Years ago, during our Zurich years, my kids’ international school introduced Swiss customs to the students to help them understand the local culture. One such custom was the arrival of Samichlaus, with his sack full of chocolate and clementines, who roamed the halls and burst into classrooms unannounced just before winter break. Unlike Santa, Samichlaus, the Swiss version of Father Christmas, never arrived alone. He was accompanied by a strange, sinister companion called Schmutzli.
Schmutzli (usually one of the put-upon elementary teachers, hunched over and hidden) concealed his face behind a dark cloak. Rather than a sack filled with treats, he carried an empty sack and a broomstick, with which he terrorized small children with threats of a broom-smacking or being placed in the sack and taken away for bad behavior.
It was one of the strangest customs we encountered there, and my kids came home utterly bewildered, as they watched classmates cry only to be consoled by Samichlaus with a tiny square of chocolate and a smushed orange cutie. Then we learned about the latest Elf on the Shelf fad in the US, and I realized weirdness is relative. Parents will go to great lengths to keep their kids in line at Christmastime.
This year, I’ve read a bit about various Christmas customs around the world, very few related to celebrating Christ, and found a common thread among most of them. There’s often a distinct contrast between dark and light, good and evil. Schmutzli comes from the dark places of the hidden world to threaten and cajole children into obedience, while scarlet-coated Samichlaus brings small favors to reward the good ones.
It is strange and a little cruel and an unfortunate introduction to the ways of the world. The children learn that darkness often accompanies light, and punishment often comes when we most need the kiss of grace.

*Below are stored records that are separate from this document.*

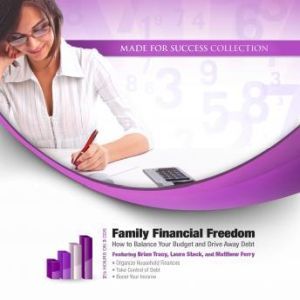 Family Financial Freedom: How to Balance Your Budget and Drive Away Debt, Made for Success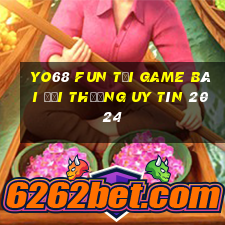 Yo68 Fun Tải Game Bài Đổi Thưởng Uy Tín 2024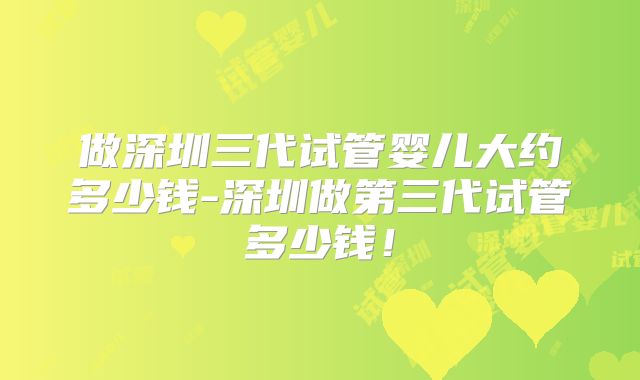 做深圳三代试管婴儿大约多少钱-深圳做第三代试管多少钱！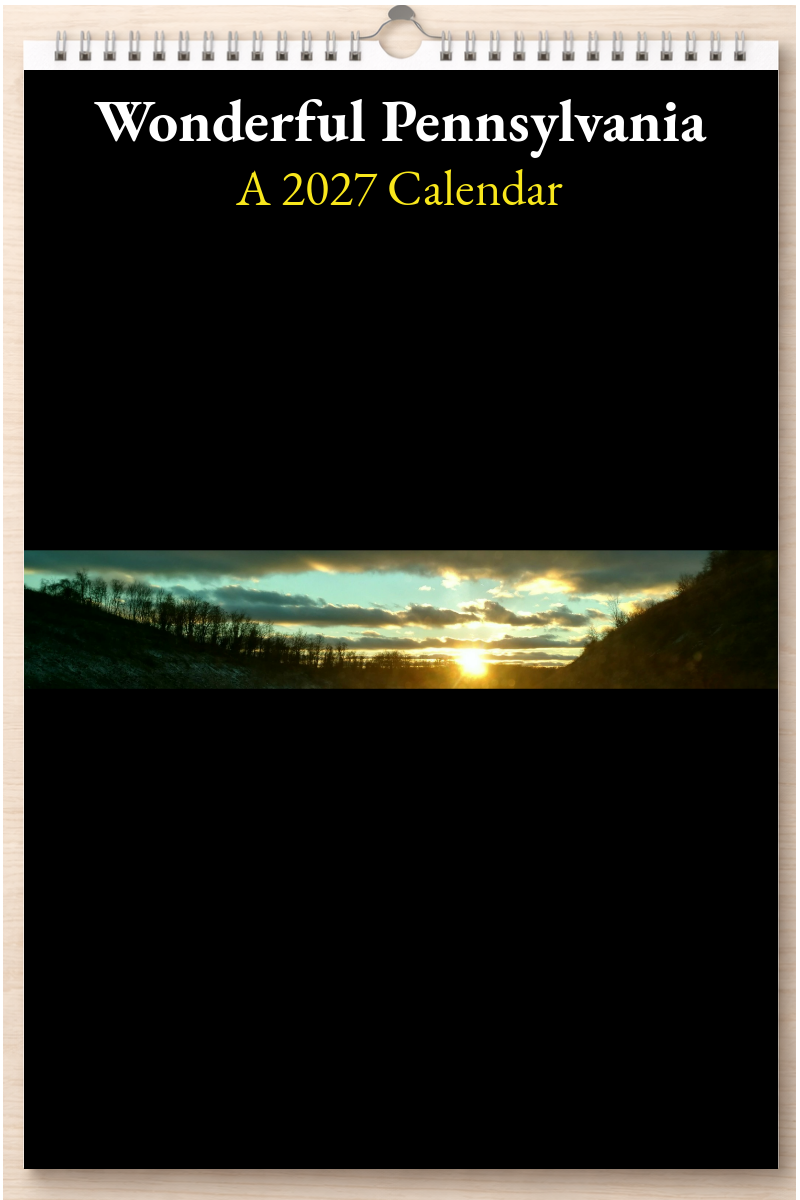 Wonderful Pennsylvania: A 2027 Calendar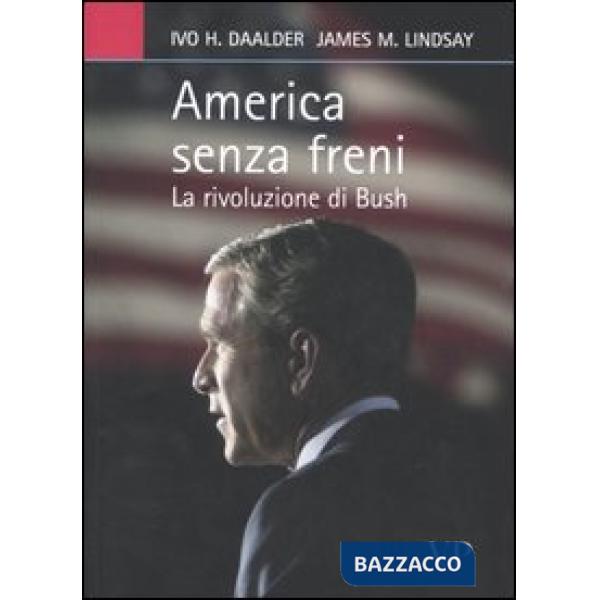 America senza freni. La rivoluzione di Bush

I’ve been thinking of this custom lately, of the look of confusion on the little kids’ faces and the bemusement of teachers and parents. I’m thinking of the threats and the shaking of the broomstick and the inspiration of fear in the hearts of the most tender and vulnerable. It stands in such stark contrast to everything I believe about Christmas, everything I believe about redemption and light and grace.
What a difference it would make for the kids to enter into the wonder and awe of Christmas through the cradle of Christ rather than Samichlaus and Schmutzli, Santa’s naughty and nice lists, or an ever watchful Elf. These traditions cause the cradle of Christ to stand out in full relief. In the stable there is fear, yes, but a holy fear. The Light of the World entered to scatter darkness, not to soothe it with tokens and promises of a reward for good behavior.
Jesus came to bring light and life to the world. What joy! What celebration! How easily we are consoled and comforted by less.
I love traditions and myth and imaginative mysteries as much as the next person. I confess to laughing when my kids told me about their Shmutzli experience. Heaps of presents dressed in glitter and gold bows wait under the boughs of our tree. And our favorite Christmas films: Elf, Rudolph, The Nutcracker, are old friends we welcome with a bowl of popcorn on the sofa.
But, when I think of the ever-growing holiday preparations, I worry we’re collectively losing our children to a construct of Christmas that has nothing to do with Christ. When I imagine my kids preparing for Christmas in their own homes in the not-to-distant future, I pray they will come to the cradle with hearts wrecked for anything but Jesus.
As I’ve thought about the complexities we’ve created around Christmas, these words by Brennan Manning have helped set things right in my heart this year. He writes,
“The shipwrecked have stood at the still-point of a turning world and discovered the human heart is made for Jesus Christ and cannot really be content with less.”
Let the world parade its Samichlaus and Schmutzli. Its Santa and Elves. We are the shipwrecked, and Mary birthed the anchor that tethers us to grace alone.
O come let us adore him, Christ the Lord.